Right at the end of July, another test screening was held for Mad Max: Fury Road. This was the second test screening this year and the second version of the movie shown. The first test screening was shown in April and that was a longer movie, at over two hours. Here is some more reaction, plucked from social media.
So thanks to Dark Shape (thanks again Shape!) I also got to see this. Non spoilery thoughts from an uber Mad Max fan:
Tom Hardy is as good as you are hoping he is as Max. More primal and physical than Mel. For a Bond comparison, if Mel is Connery, they jumped right to Craig with Hardy.
Charlize Theron as Furiosa is every bit Hardy’s equal and a great new addition to the Mad Max canon. She almost steals the movie.
FX weren’t totally finished, but most of them seemed background/scope related. The car stuff seemed totally real. Maybe there was some finished FX work in the car stunts but I could not tell.
The plot does a good job of telling a new story but with most of the Mad Max tropes. Story wise I’d break it down as 50% Road Warrior, 15% Thunderdome, 5% OG Mad Max and 30% its own thing.
The movie is fucking bugnuts, especially in regards to Immortan Joe and the villains. Total George Miller craziness. So much so that I wonder if non fans will “get it”, but Shape seemed to like it, so that’s a good sign.
Im sequel/reboot terms, it’s akin to SUPERMAN RETURNS where you could take it as a sequel but there are minor continuity issues. For the function of the franchise, it works as a reboot.
Even in it’s unfinished form, I am secure in awarding this the honor of being the second best MAD MAX movie, after ROAD WARRIOR.
Oh, and rating wise it’s PG-13. Plenty violent, no real gore.
I think if the younger generation latches on to it, they will prefer it to ROAD WARRIOR
I am very curious to see how this takes with people who weren’t Mad Max fans already. I believe it has the power to convert, but I readily admit to being blinded by my own fanboyism on this one.

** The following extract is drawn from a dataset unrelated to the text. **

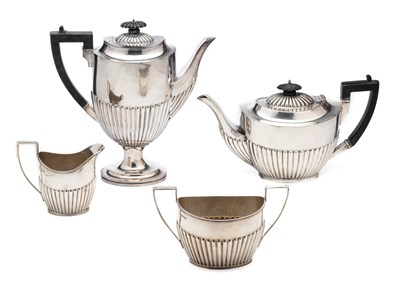 Lot 162 - A VICTORIAN SILVER THREE-PIECE MATCHED TEA SET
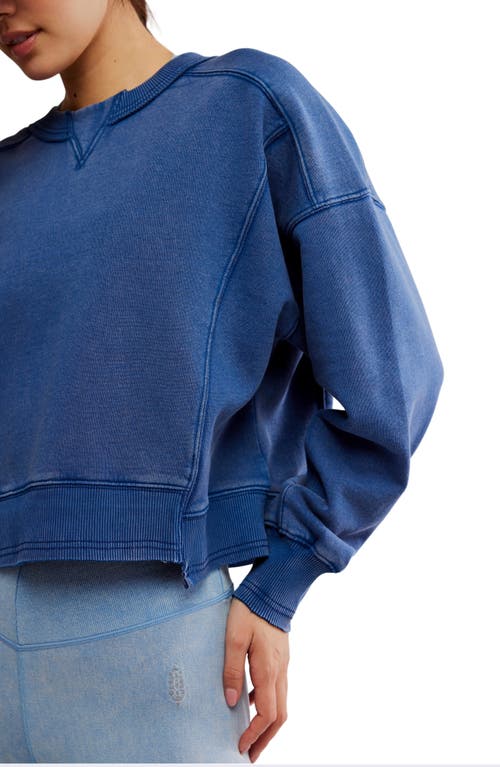 Free People Fp Movement Intercept Cotton Blend Sweatshirt In Blue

This cut had a bunch of voice over in the beginning and end, and as Shape said, a lot of it was bad. At one point Max referred to himself as the man “watching in the shadows”, which is dumb because he’s in the desert and there are hardly any shadows. But the producers (or whoever they were) warned us that the voice over was very much a work in progress. The voice Hardy uses as Max is good and not Bane-y.Oh, and there were flashes of “apocalypse” footage, really quick cut news reel stuff, in the credits.
ROAD WARRIOR is the clear model here, which you can tell from the trailer. They’re trying to give you a sense of who Max is and what his backstory might be, and they haven’t quite nailed it yet. But I’m confident they will.There is actually very little reference to anything that could be construed as referring to any of the past films, aside from extremely brief “flashes” that are frankly confusing and that I imagine will be cut. But if I wanted to place it in continuity, it would be post ROAD WARRIOR, pre THUNDERDOME.FURY ROAD feels very much of the same world as the original trilogy, which frees you to take it however you want in terms of sequel or reboot. If you want to imagine the events of MAD MAX or THE ROAD WARRIOR taking place in this Max’s backstory, it’s pretty easy to do. If you want to see it as a reboot, that’s even easier. But it’s not like trying to reconcile the Tim Burton Batman continuity with the Nolan one or anything. Like Miller says, it’s very much grown from the same material.